Photo by Deva Darshan on Unsplash

Airflow DAG — Best Practices

In the blog post, we will see some best practices for authoring DAGs. Let’s start.

DAG as configuration file

Airflow scheduler scans and compiles DAG files at each heartbeat. If DAG files are heavy and a lot of top-level codes are present in them, the scheduler will consume a lot of resources and time to process them at each heartbeat. So it is advised to keep the DAGs light, more like a configuration file. As a step forward it will be a good choice to have a YAML/JSON-based definition of workflow and then generating the DAG, based on that. This has a double advantage. 1. DAGs, since are getting generated programmatically will be consistent and reproducible anytime. 2. Non-python users will also be able to use it.

We can separate non-configuration-related code blocks outside the DAG definition and use the template_searchpath attribute to add those. For example, if you are trying to connect to an RDS and execute some SQL command, that SQL command should be loaded from a file. And the location of the file should be mentioned in the template_searchpath. Similarly with Hive queries(.hql).

Invest in Airflow plugin system

Custom Hooks and Operators are great ways in making your pipelines easier to maintain, easier to debug, and easier to create. So it is good to have a proper plugin repo and maintain it to author custom plugins needed as per the organization’s requirement. While creating a plugin, be generic so that it is reusable across use cases. This helps in versioning as well as it helps in keeping workflows clean and mostly configuration details as opposed to implementation logic. Also, don’t perform heavy work/operation while initializing the class, push operations (like getting variable & connections) inside the execution method.

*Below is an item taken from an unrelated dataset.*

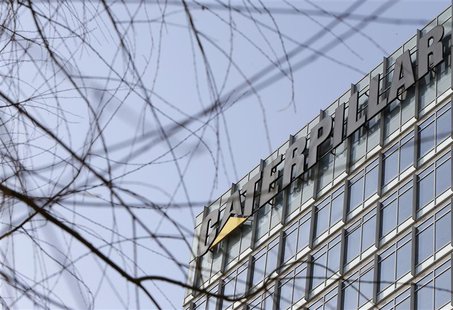 The company logo is seen on top of a building, where Caterpillar (China) Investment Co., Ltd. is located, in Beijing, January 22, 2013. REUT The company logo is seen on top of a building, where Caterpillar (China) Investment Co., Ltd. is located, in Beijing, January 22, 2013. REUT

Do not perform data processing in DAG files.

Since DAGs are python-based, we will definitely be tempted to use pandas or similar stuff in DAG, but we should not. Airflow is an orchestrator, not an execution framework. All computation should be delegated to a specific target system. Follow the fire and track approach. Use the operator to start the task and the sensor to track the completion. Airflow is not designed for long-running tasks.

emr_add_step = EmrAddStepsOperator(
task_id='demo_step',
job_flow_id='<EMR_CLUSTER_ID>',
aws_conn_id='aws_default',
steps=<SPARK_STEPS>
)
emr_step_status_checker = EmrStepSensor(
task_id='check_step',
job_flow_id='<EMR_CLUSTER_ID>',
step_id="{{ task_instance.xcom_pull(task_ids='demo_step', key='return_value')[0] }}",
aws_conn_id='aws_default'
)

Delegate API or DB calls to operators

This is somewhat similar to the first point. API call or DB connection made at top-level code in DAG files overloads the scheduler & webserver. These call defined outside of operator is called on every heartbeat. So it is advisable to have these pushed down to a util/common (can be a python operator) operator.

Make DAGs/Tasks idempotent

DAG should produce the same data on every run. Read from a partition and write to a partition. Both should be immutable. Handle partition creation and deletion to avoid unknown errors.

Use single variable per DAG

Every time we access DAG variables it creates a connection to metadata DB. It may overload the Db if we are having multiple DAGs running with multiple variables being called. It's better to use a single variable per DAG with a JSON object. This will create a single connection. We can parse the JSON to get the desired key-value pair.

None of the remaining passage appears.